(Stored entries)
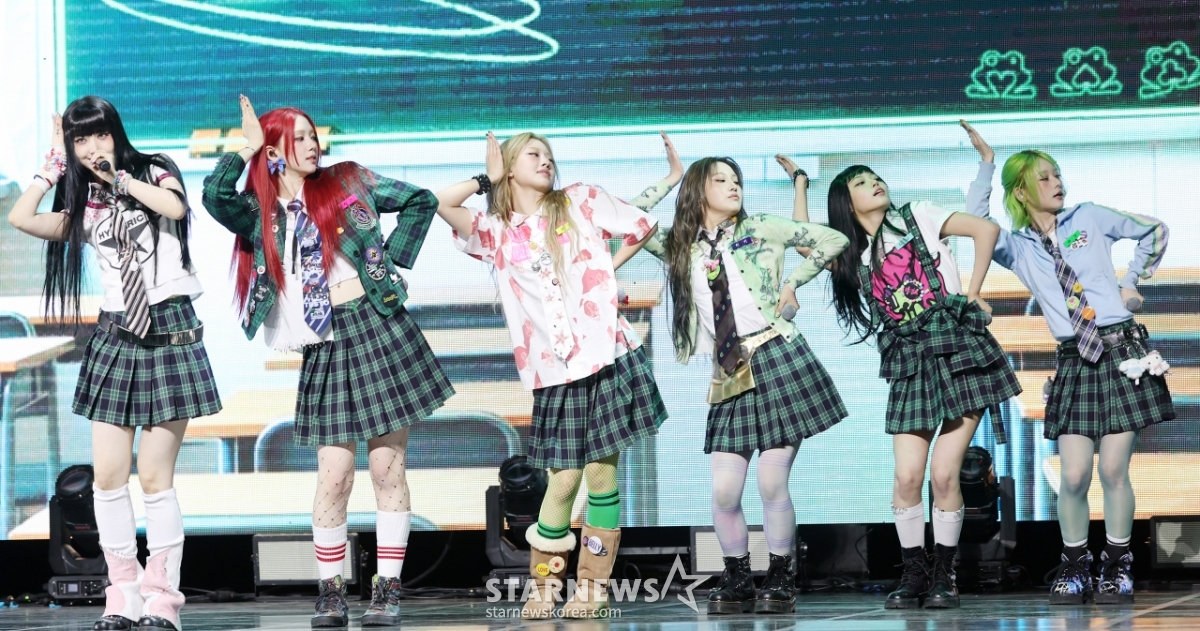 언차일드, 딱딱 맞는 칼 안무[★포토]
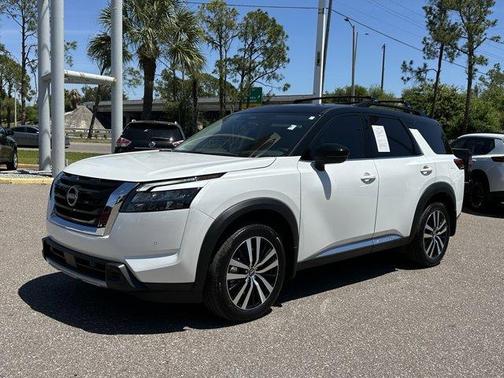 White / Black 2025 Nissan Pathfinder Platinum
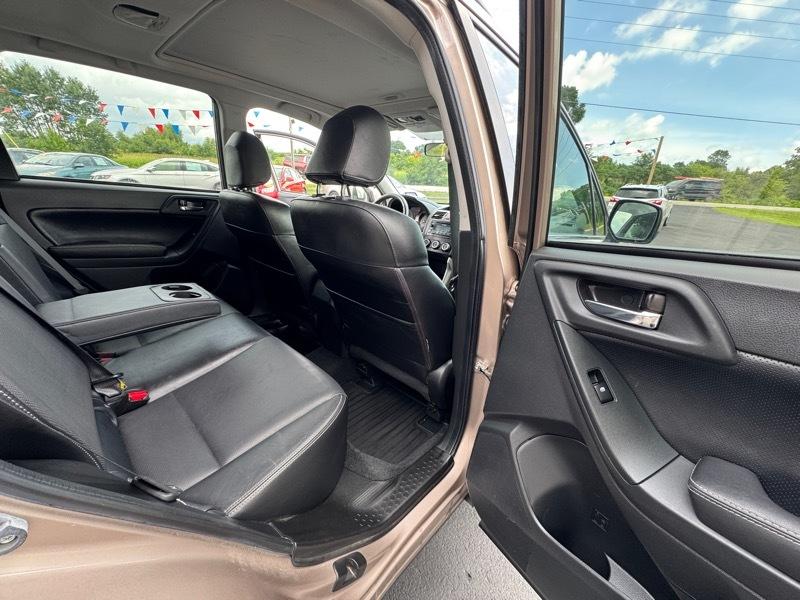 Subaru Forester 2.5i Limited 2015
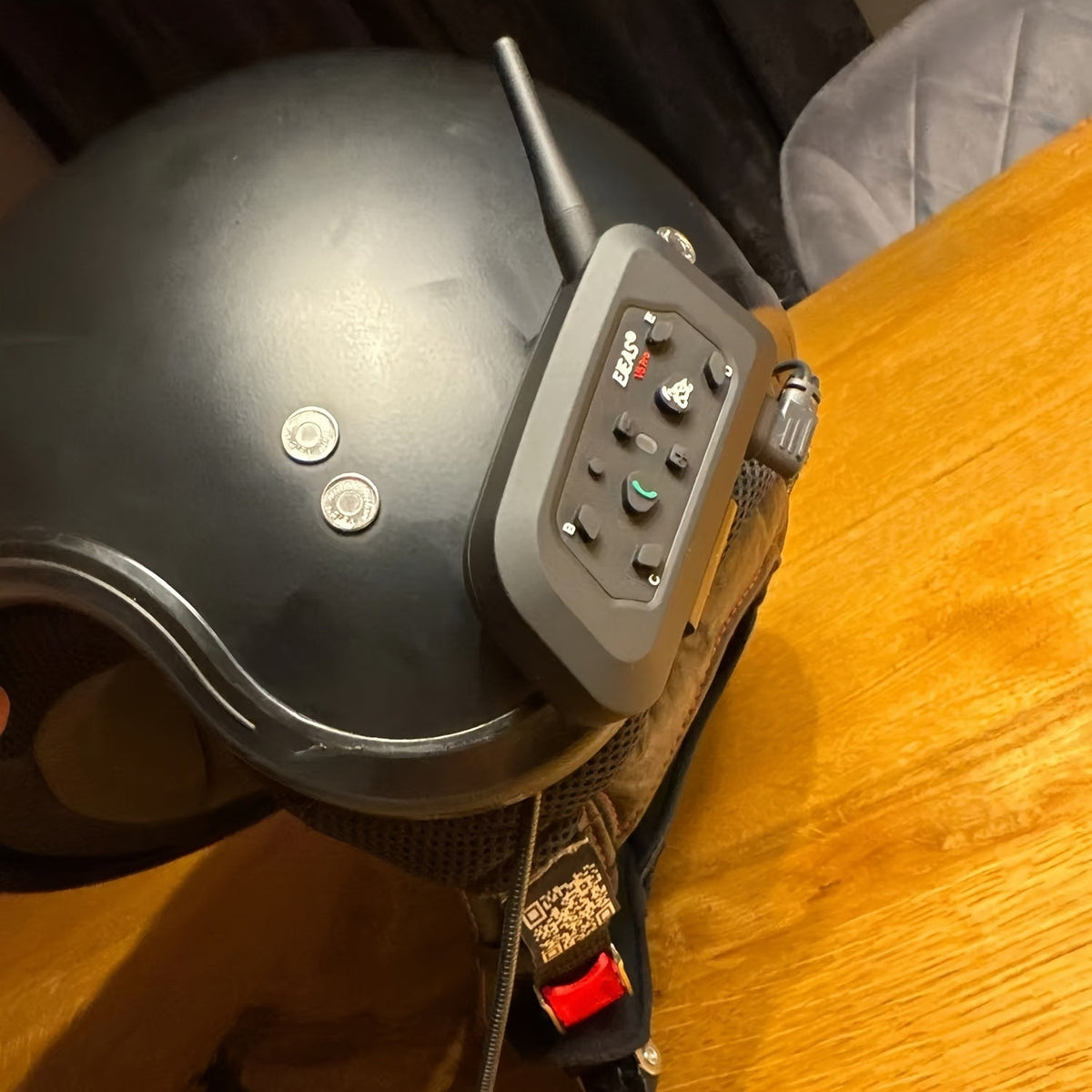 EJEAS V6 PRO+ Motorcycle Helmet Intercom 2-Pack – Bluetooth 5.0, 800M Range, 6-Rider Group, Type-C Charging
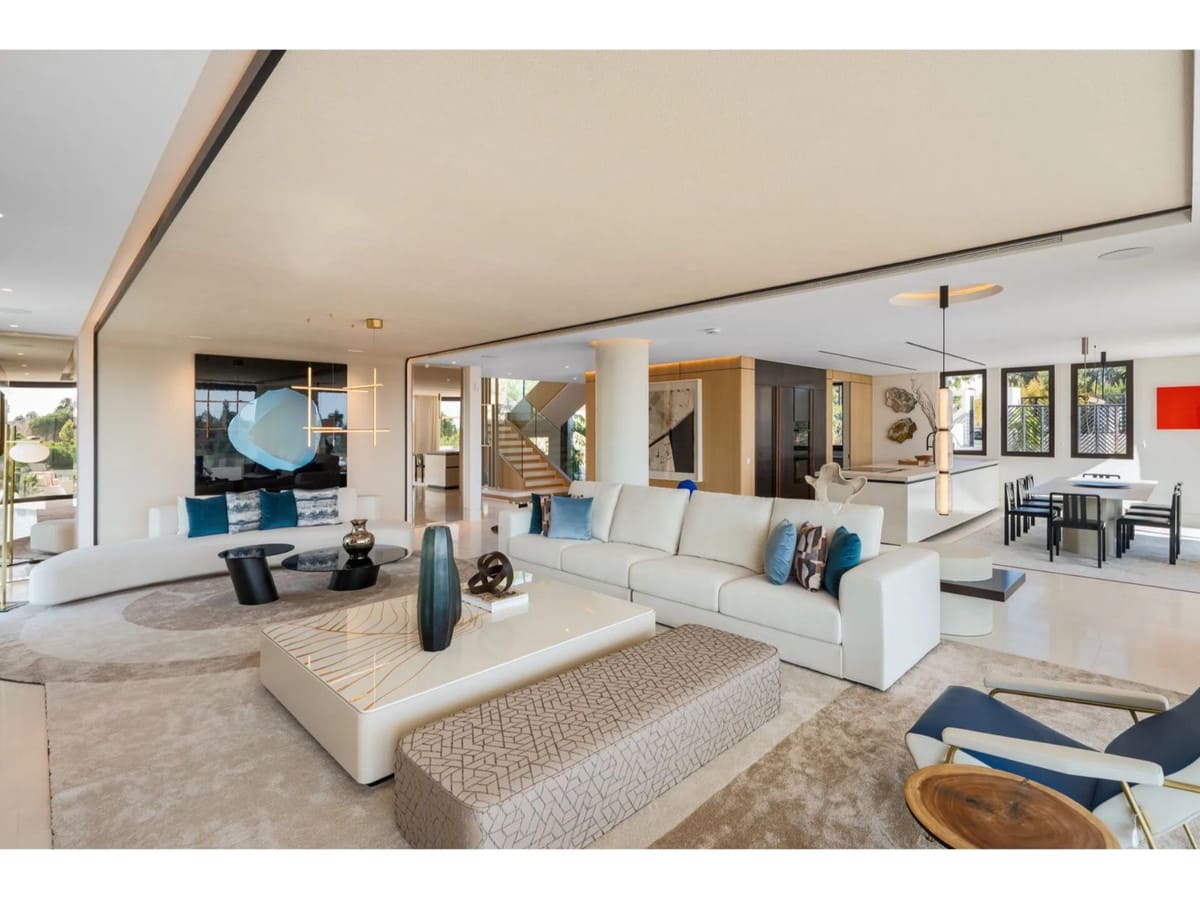 5 slaapkamer Villa te koop in Marbella met zwembad garage - € 14.995.000 (Ref: 9578885)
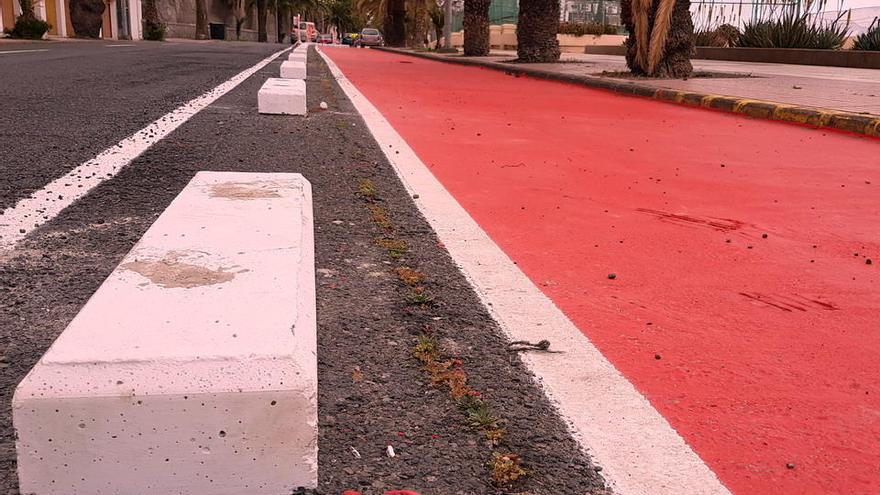 Bloques inseguros en el carril bici de Paseo de Chil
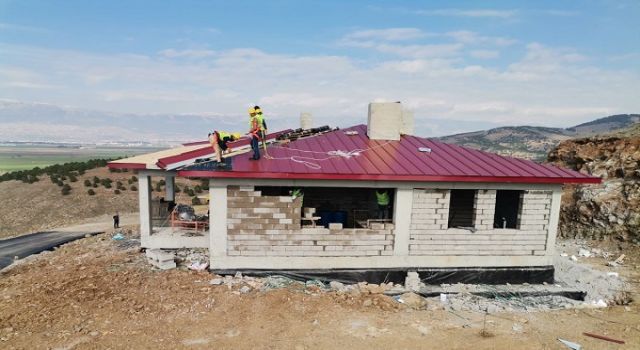 ŞEHİT ÖZDEMİR’İN KÖYÜNE 109 DEPREM EVİ YAPILIYOR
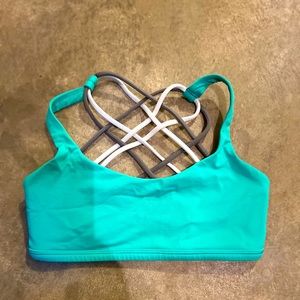 Lululemon Youth athletic girls sports bra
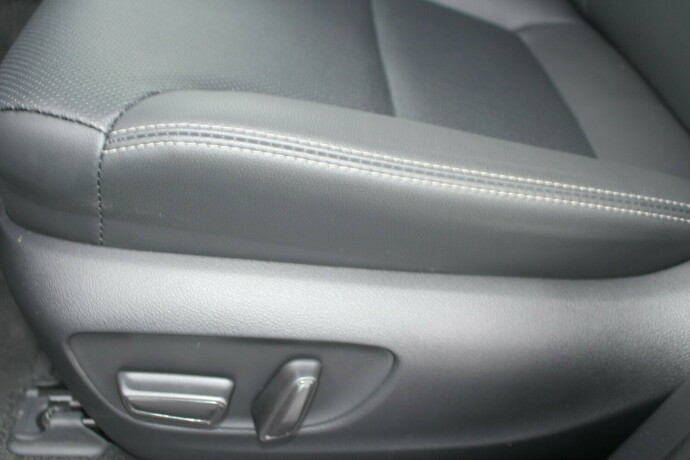 toyota-land-cruiser-diesel-2025-big-9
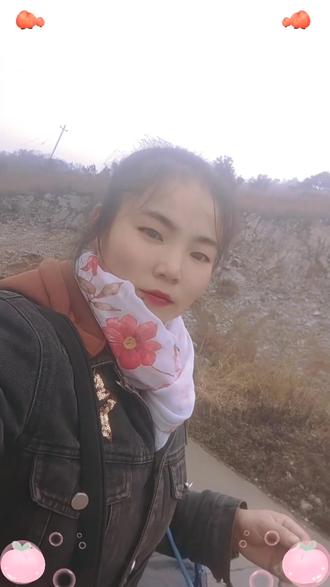 谁说的?冷得很,谁来陪你散步,就不冷了。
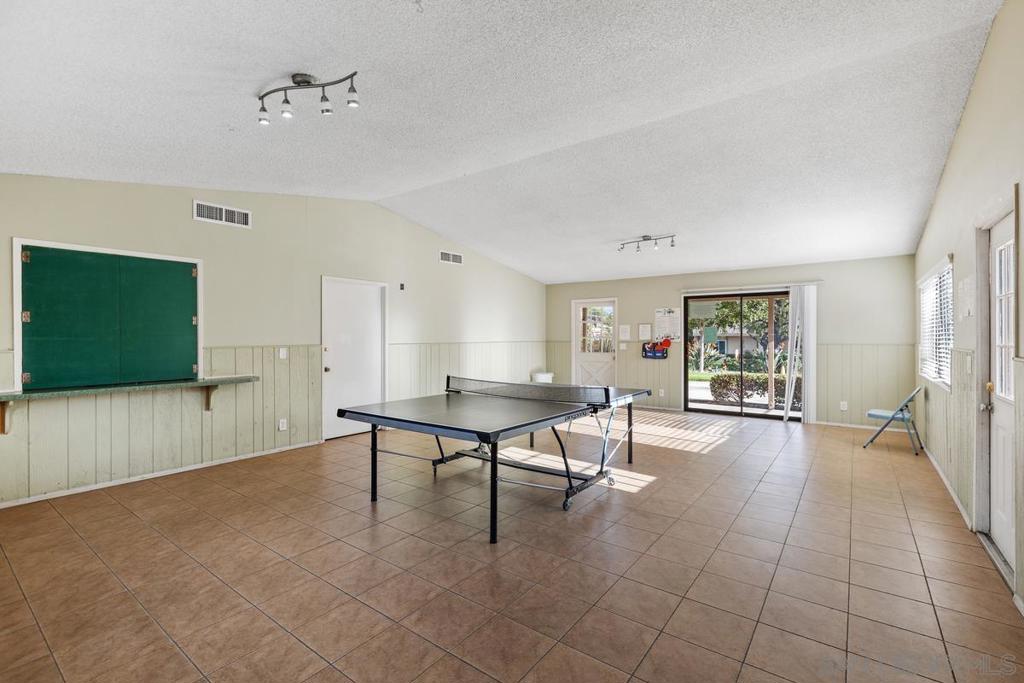 La Mesa - Residential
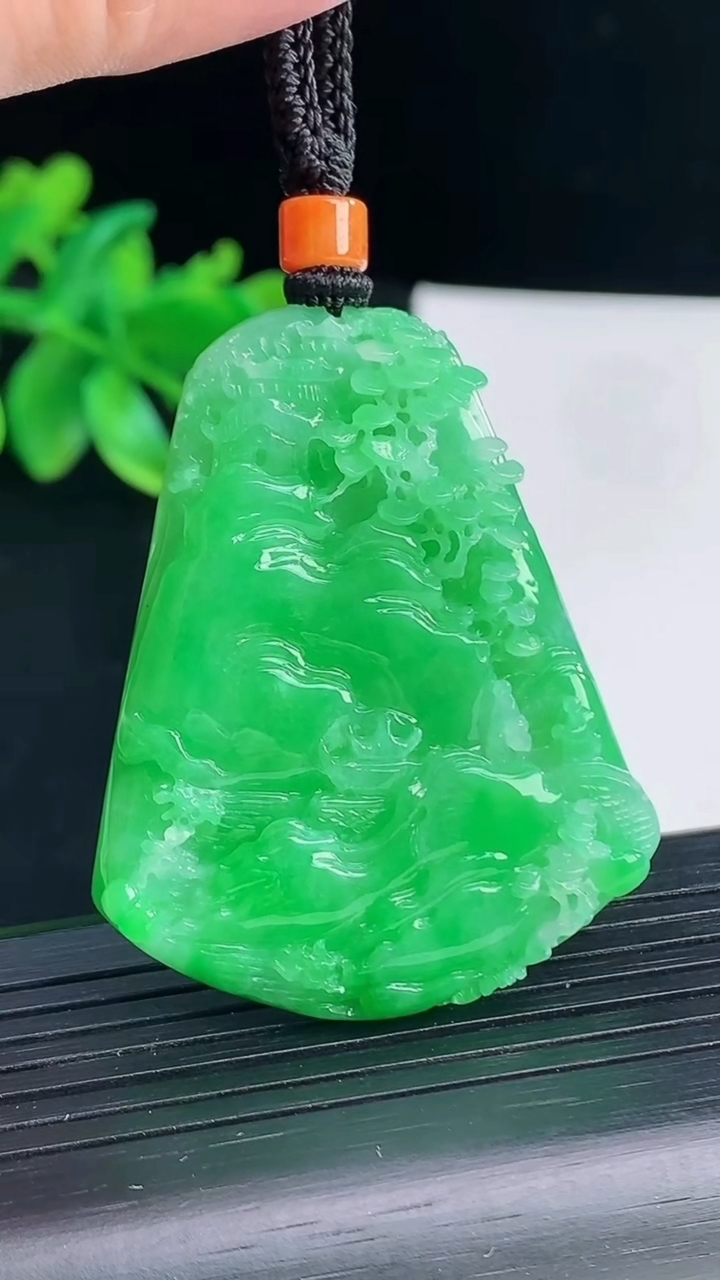 天然A货翡翠山水牌吊坠，尺寸46-38-7重量:26.03g
4月13日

**Task item:**
Leave out the pictures, and retype exactly the lines from the one containing "Bloques inseguros en" through the last line of the data above, no more and no less.

**The answer:**
 Bloques inseguros en el carril bici de Paseo de Chil
 ŞEHİT ÖZDEMİR’İN KÖYÜNE 109 DEPREM EVİ YAPILIYOR
 Lululemon Youth athletic girls sports bra
 toyota-land-cruiser-diesel-2025-big-9
 谁说的?冷得很,谁来陪你散步,就不冷了。
 La Mesa - Residential
 天然A货翡翠山水牌吊坠，尺寸46-38-7重量:26.03g
4月13日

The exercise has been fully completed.